─── Exercise data ───

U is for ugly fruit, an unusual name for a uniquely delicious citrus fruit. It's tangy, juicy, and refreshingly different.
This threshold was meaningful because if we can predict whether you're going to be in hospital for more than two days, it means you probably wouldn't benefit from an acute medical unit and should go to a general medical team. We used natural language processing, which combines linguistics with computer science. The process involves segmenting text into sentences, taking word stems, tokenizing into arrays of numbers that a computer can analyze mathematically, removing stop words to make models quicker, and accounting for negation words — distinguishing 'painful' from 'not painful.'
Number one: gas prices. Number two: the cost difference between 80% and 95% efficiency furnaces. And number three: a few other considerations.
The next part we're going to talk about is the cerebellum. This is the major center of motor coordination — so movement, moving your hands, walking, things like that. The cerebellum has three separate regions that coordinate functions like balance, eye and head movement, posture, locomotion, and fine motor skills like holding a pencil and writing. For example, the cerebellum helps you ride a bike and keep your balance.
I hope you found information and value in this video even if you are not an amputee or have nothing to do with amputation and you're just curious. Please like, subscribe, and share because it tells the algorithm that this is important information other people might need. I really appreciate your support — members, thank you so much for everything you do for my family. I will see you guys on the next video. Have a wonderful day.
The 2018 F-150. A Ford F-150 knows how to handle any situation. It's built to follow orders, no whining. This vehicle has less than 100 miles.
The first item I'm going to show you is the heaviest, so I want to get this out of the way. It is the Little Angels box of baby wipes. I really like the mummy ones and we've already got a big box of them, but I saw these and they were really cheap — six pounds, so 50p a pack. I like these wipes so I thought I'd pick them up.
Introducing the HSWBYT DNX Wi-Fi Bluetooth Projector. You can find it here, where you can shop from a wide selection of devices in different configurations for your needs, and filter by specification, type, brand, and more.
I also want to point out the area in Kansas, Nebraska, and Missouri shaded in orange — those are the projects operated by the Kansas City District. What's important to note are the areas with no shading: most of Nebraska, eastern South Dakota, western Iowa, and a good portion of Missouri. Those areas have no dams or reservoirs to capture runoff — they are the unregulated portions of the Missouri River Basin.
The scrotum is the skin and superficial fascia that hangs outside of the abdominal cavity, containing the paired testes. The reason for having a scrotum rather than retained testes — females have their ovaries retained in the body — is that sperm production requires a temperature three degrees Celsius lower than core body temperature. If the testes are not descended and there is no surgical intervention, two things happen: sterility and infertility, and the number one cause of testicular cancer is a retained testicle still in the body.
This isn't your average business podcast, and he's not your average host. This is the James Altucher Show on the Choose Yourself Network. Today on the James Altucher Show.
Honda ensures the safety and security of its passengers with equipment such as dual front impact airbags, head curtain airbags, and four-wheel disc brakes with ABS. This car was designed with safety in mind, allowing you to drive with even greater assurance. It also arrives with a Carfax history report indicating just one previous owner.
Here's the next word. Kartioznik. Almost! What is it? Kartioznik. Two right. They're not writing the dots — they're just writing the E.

───

## Task item:
Retype, without changes, the lines from the line holding "Honda ensures the" to the end of the data, both ends included.

## Answer space:
Honda ensures the safety and security of its passengers with equipment such as dual front impact airbags, head curtain airbags, and four-wheel disc brakes with ABS. This car was designed with safety in mind, allowing you to drive with even greater assurance. It also arrives with a Carfax history report indicating just one previous owner.
Here's the next word. Kartioznik. Almost! What is it? Kartioznik. Two right. They're not writing the dots — they're just writing the E.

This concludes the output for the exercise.